But in announcing her resignation, McMorrow also states that that she will be replaced by appellate court Justice Anne Burke, a politically connected Chicago Democrat and the wife of powerful Chicago Alderman Ed Burke. Further, Burke intends to run for election to the high court seat in 2008.
The Burke appointment continues the relatively new and unfortunate process of retiring justices trying to select their successors rather than leaving it to the voters.
That was not the court's practice until former 2nd District Justice John Nichols resigned from the court in 1998 and tried to arrange for S. Louis Rathje to replace him on a permanent basis. Voters didn't buy that maneuver. Current Chief Justice Bob Thomas defeated Rathje in a 2000 Republican primary election.

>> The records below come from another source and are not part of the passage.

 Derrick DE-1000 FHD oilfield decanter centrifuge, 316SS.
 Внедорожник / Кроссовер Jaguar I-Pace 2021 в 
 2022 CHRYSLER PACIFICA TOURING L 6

Since then, former Justices Moses Harrison, Ben Miller and now McMorrow have engaged in similar maneuvers. Harrison's appointee, Phil Rarick, became ill and decided not to run. He was replaced by Justice Lloyd Karmeier, who won the 2004 election from the court's 5th District.

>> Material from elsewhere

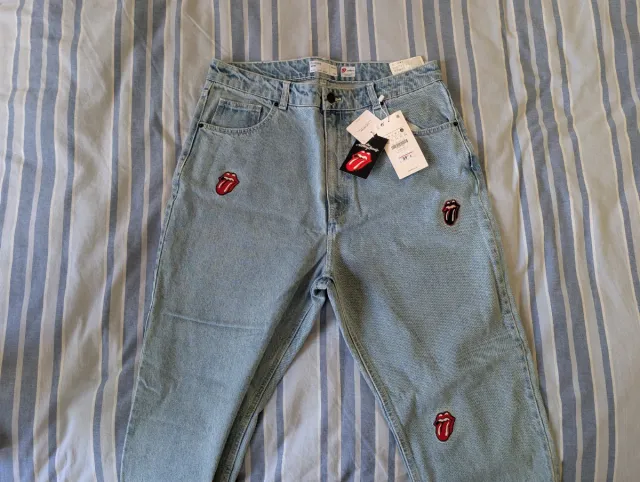 Pantalón vaquero Bershka Rolling Stones. Nuevo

Miller was successful, naming Rita Garman as his replacement. She was later elected in her own right.
At any rate, the trend is clear as is it regrettable.

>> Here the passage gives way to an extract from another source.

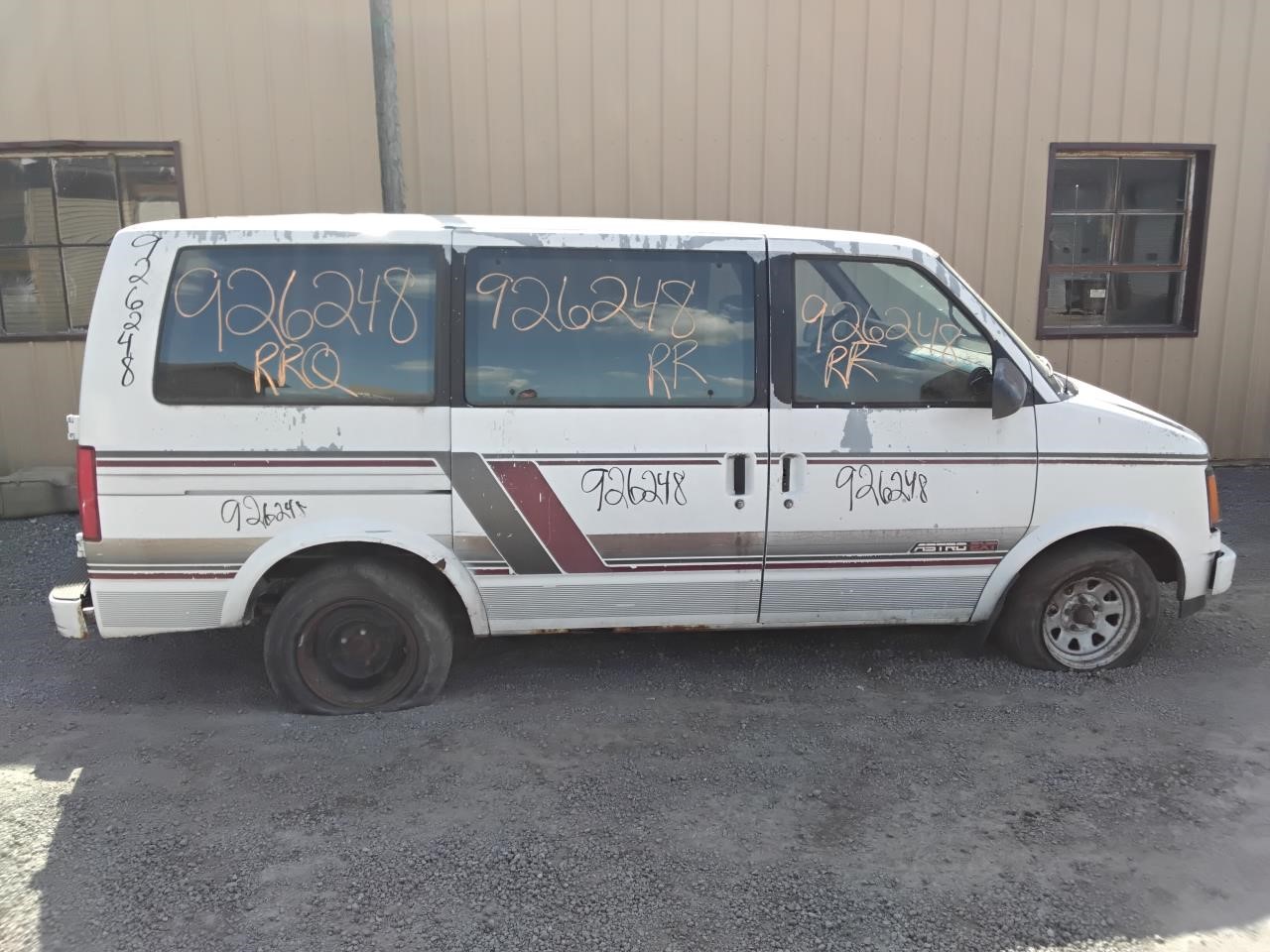 https://f005.backblazeb2.com/file/img-partshotlines-com/Inventory/MA194/Vehicle/19866_03.jpg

While widely praised for her work, the 62-year-old Burke came late to the law and was a relatively inexperienced lawyer when she was appointed by McMorrow to the appellate court in 1995. But, with the right political patrons, a lawyer need not have much experience to become an influential judge.
Since her appointment to the appellate court, Burke has been a Supreme Court justice in waiting. Last week, that wait came to an end.
It remains to be seen how the politics of the Burke appointment play in Cook County, where ethnic divisions can produce fierce political fights. But soon-to-be Illinois Supreme Court Justice Burke not only will have her strong political ties but a two-year head start and the power of incumbency as she strives to win the seat on her own.